We look ahead to hotly anticipated golf tournament
The European Tour’s Dhs55 million Dubai World Championship is set for another star-studded turnout at Jumeirah Golf Estates next week: world number one Luke Donald from England, number two Rory McIlroy fron Northern Ireland and number six Martin Kaymer from Germany will all tee off on December 8 with plenty to play for. The top 60 in the Race to Dubai tournament standings include defending champion Robert Karlsson (Sweden), Masters winner Charl Schwartzel (South Africa), resurgent Sergio Garcia (Spain) and young English prodigy Tom Lewis.
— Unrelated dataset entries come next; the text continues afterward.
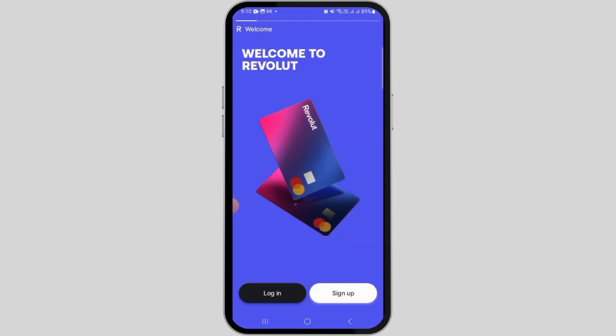Once you have opened the application, make sure to log in to your account by tapping on the login option. Enter your credentials like your phone number and password and get logged into your account.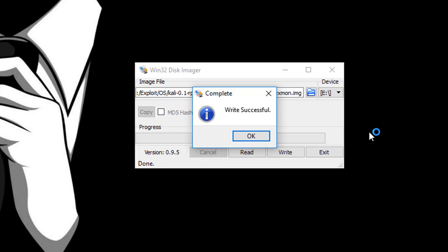As you can see guys Kali Linux has been flashed onto our 16 GB SD card. Now what I will do is I will simply take out my SD card from my card reader and then I will insert that SD card into my Raspberry Pi Zero.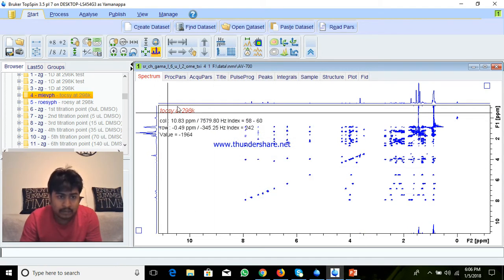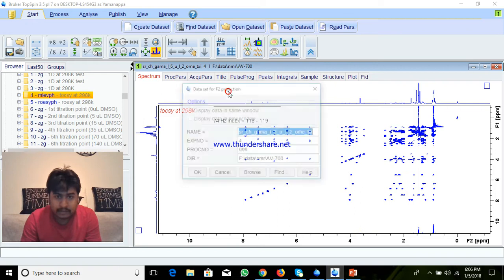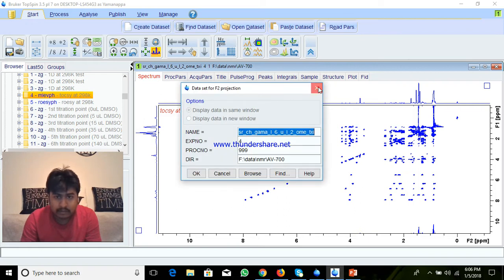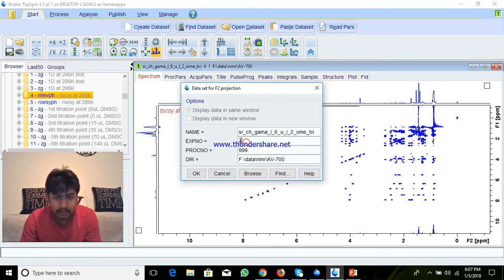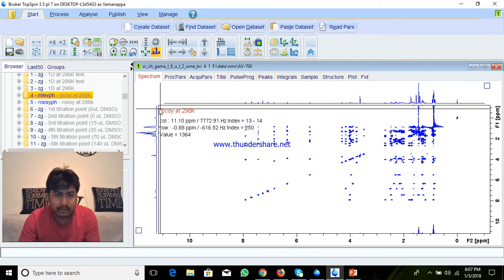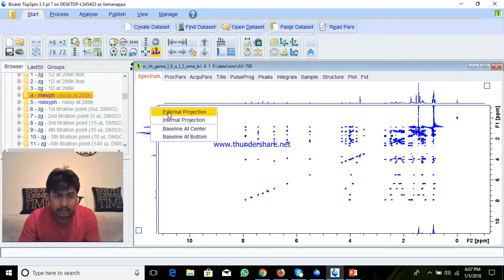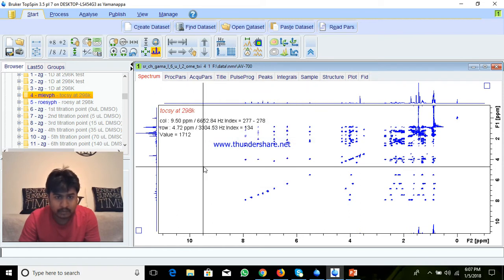After this, right-click here and Add External Projection. Right-click, External Projection, and we add — you can add the third one. Third is 1D — I am going to add third. And here also External Projection, here also I will give the third number, 1D, because here I have third number 1D. OK.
The quartet will be keen to steal the headlines, even if none can claim the Race to Dubai crown in the process.
Donald, who has won three European Tour titles this year, has a lead of more than Dhs4.9 million over defending champion Kaymer and US Open hero McIlroy in the Race to Dubai standings, as he strives to become the first golfer to top both the European and American Orders of Merit in the same season. However, the 33-year-old, who turns 34 the day before the event, hasn’t played much golf recently due to the birth of his second child, while his rivals are fresh from recent triumphs in China: red-hot McIlroy at the Shanghai Masters, and Kaymer at the WGC-HSBC Champions.
‘I will arrive in Dubai with a very healthy lead,’ said Donald earlier this year. ‘Rory and Martin will fancy their chances of winning the Championship and, if either does, they will probably replace me at the top of the money list. My aim, therefore, is to be very aggressive. I want to do what Lee Westwood did in 2009: to win the tournament and Race, and show the world I am a worthy world number one, despite having not yet won a Major. Dubai is my chance to shut a few critics up.’
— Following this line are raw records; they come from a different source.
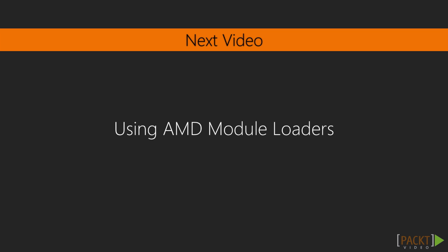In the next video, we're going to look at Require.js as a way to load templates and components.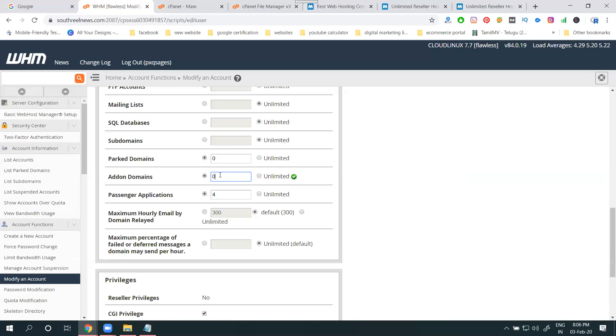Each reseller cPanel, using for limited one, we can use for shared hosting type. Each reseller, for each domain, we can use any number of websites - unlimited. But cPanel will be only one. But how many websites we can host? Any number of websites we can host.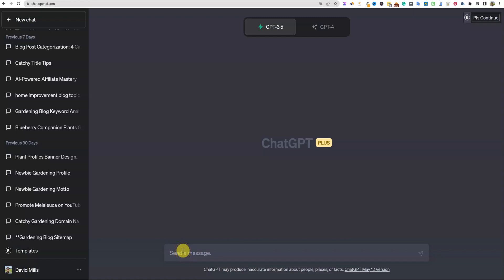All right, welcome back to LearnWire. We're going to be doing something a little different in this video. We're going to be exploring some of the new plugins, or at least attempting to inside of ChatGPT.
McIlroy hasn’t given up hope of catching Donald, and the 22-year-old has an excellent record on Jumeirah Golf Estates’ Earth course – a venue he feels doesn’t complement Donald’s game. ‘I’ve finished above Luke in the last two Dubai World Championships,’ said the Jumeirah-sponsored player during the Shanghai Masters in November. ‘I have also never placed outside of the top five, so have to think I can gain some significant ground on Luke in Dubai. Earth suits long, powerful hitters, and Luke is not really known for that. I genuinely believe I can catch him. Of course, he is the favourite, but I have no problem being billed as the underdog. I quite like that tag – it only fires me up.’
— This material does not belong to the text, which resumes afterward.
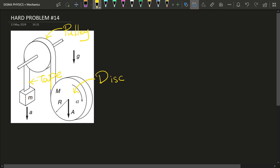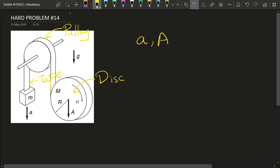The tape around the disc is going to get unwrapped, and hence the disc is going to roll — but under gravity it will also fall vertically downwards. So the disc will have both a translational acceleration capital A and an angular acceleration alpha, whereas the block of mass small m is going to have only a linear acceleration small a. These are exactly the quantities we want to find in today's video.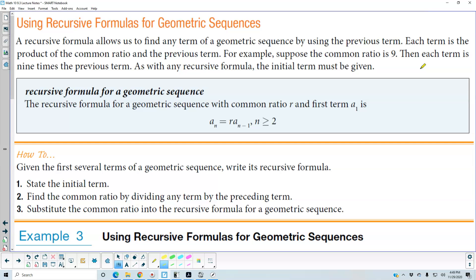As with any recursive formula, the initial term must be given. The recursive formula for a geometric sequence with common ratio r and first term a₁ is: a_n = r times a_(n-1), where n is greater than or equal to 2.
After a few logistical teething problems in 2009, last November’s Dubai World Championship ran flawlessly and this year’s Race to Dubai finale is now expected to be the biggest yet. Refreshingly, tickets to this world-class golfing carnival are free, so there is absolutely no excuse to miss what could be the greatest show on Earth. The Dubai World Championship takes place on December 8-11 at Jumeirah Golf Estates, near Emirates Road. Tickets are free; register at www.dubaiworldchampionship.com
Unsure of the rules when it comes to watching golf? Just remember these essentials
• Don’t make noise when a golfer is about to play. • Make sure your mobile phone is set to silent. • Don’t take photos when a golfer is about to play a shot (it’s fine to snap away as they prepare or after they’ve hit the ball). • If a ball is heading towards the crowd (due to an errant shot), shout ‘Fore!’ to warn people who may be hit. • If a ball lands in the crowd (and it often does), do not touch it or move it in any way. • Spectators must stay behind the ropes at all times, but can perch anywhere on the course. There are stewards throughout who can guide. • Food and drink is allowed on course. • Contrary to popular belief, spectators can wear anything, but to really look the part try chinos or smart shorts and a polo shirt. • At the Earth course, there are bars on the 17th and 18th greens. Both are very popular and open to everyone. There is also a village where you can hang out and watch the golf on the big screen. • Golfers won’t normally sign autographs mid-round, but there’s no harm in asking. The best place to get autographs is the practice green, driving range or clubhouse bar.